Task requirements. From the listing below, please restate exactly the lines beginning at the one with "ANTES DA ESTREIA" and ending at the one with "5th image of 215 N De Costa St", both included, and skip the pictures.

Information.
==============================
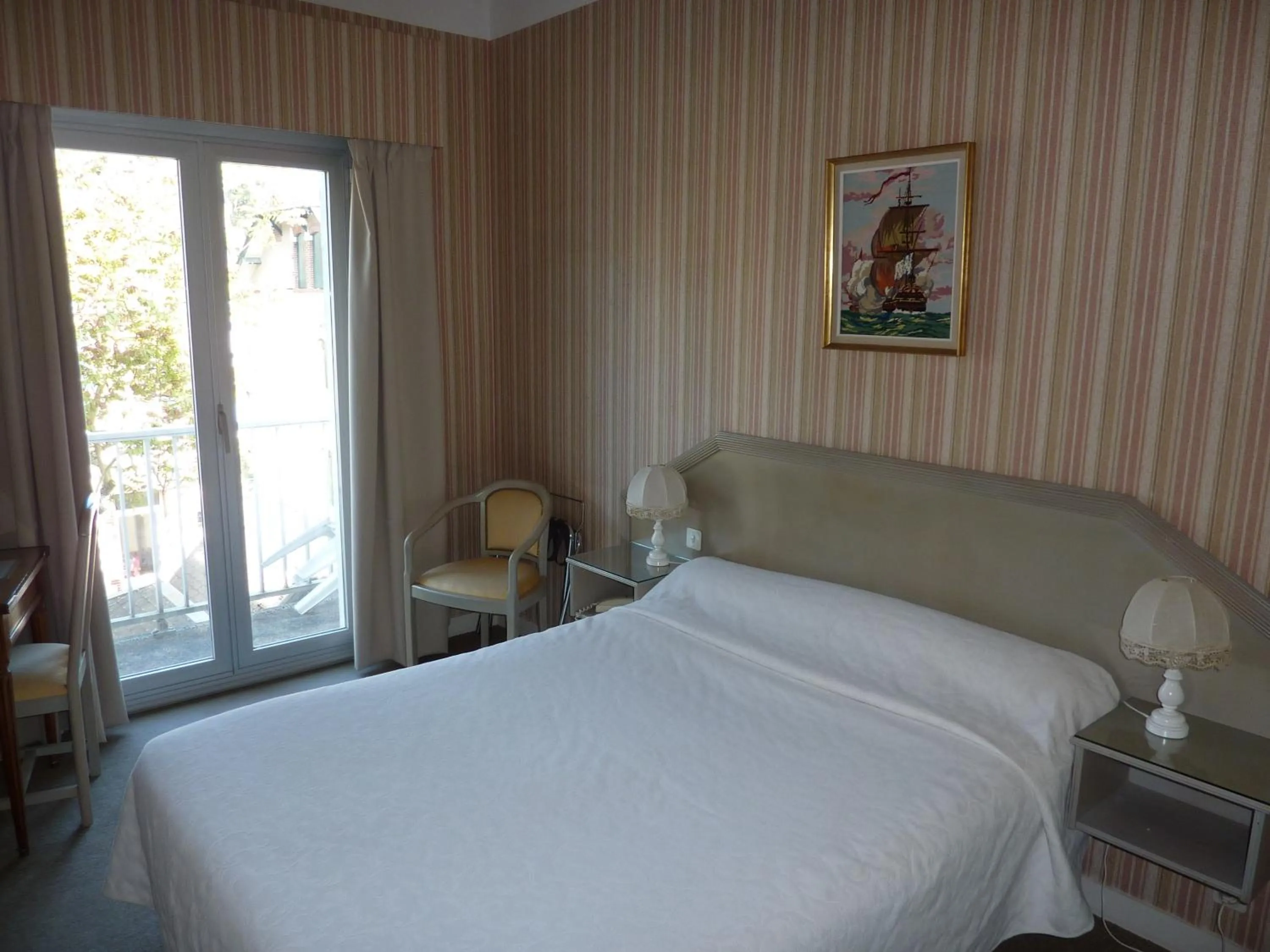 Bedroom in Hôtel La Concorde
==============================
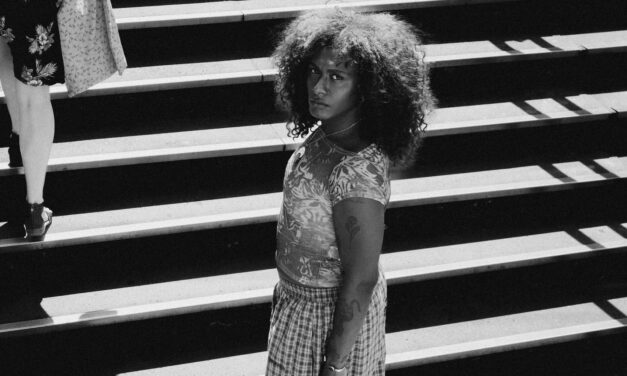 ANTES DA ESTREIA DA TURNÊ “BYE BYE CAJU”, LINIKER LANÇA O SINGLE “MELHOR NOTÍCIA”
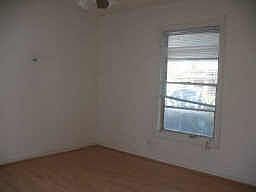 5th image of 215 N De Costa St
==============================
Result for this exercise.
 ANTES DA ESTREIA DA TURNÊ “BYE BYE CAJU”, LINIKER LANÇA O SINGLE “MELHOR NOTÍCIA”
 5th image of 215 N De Costa St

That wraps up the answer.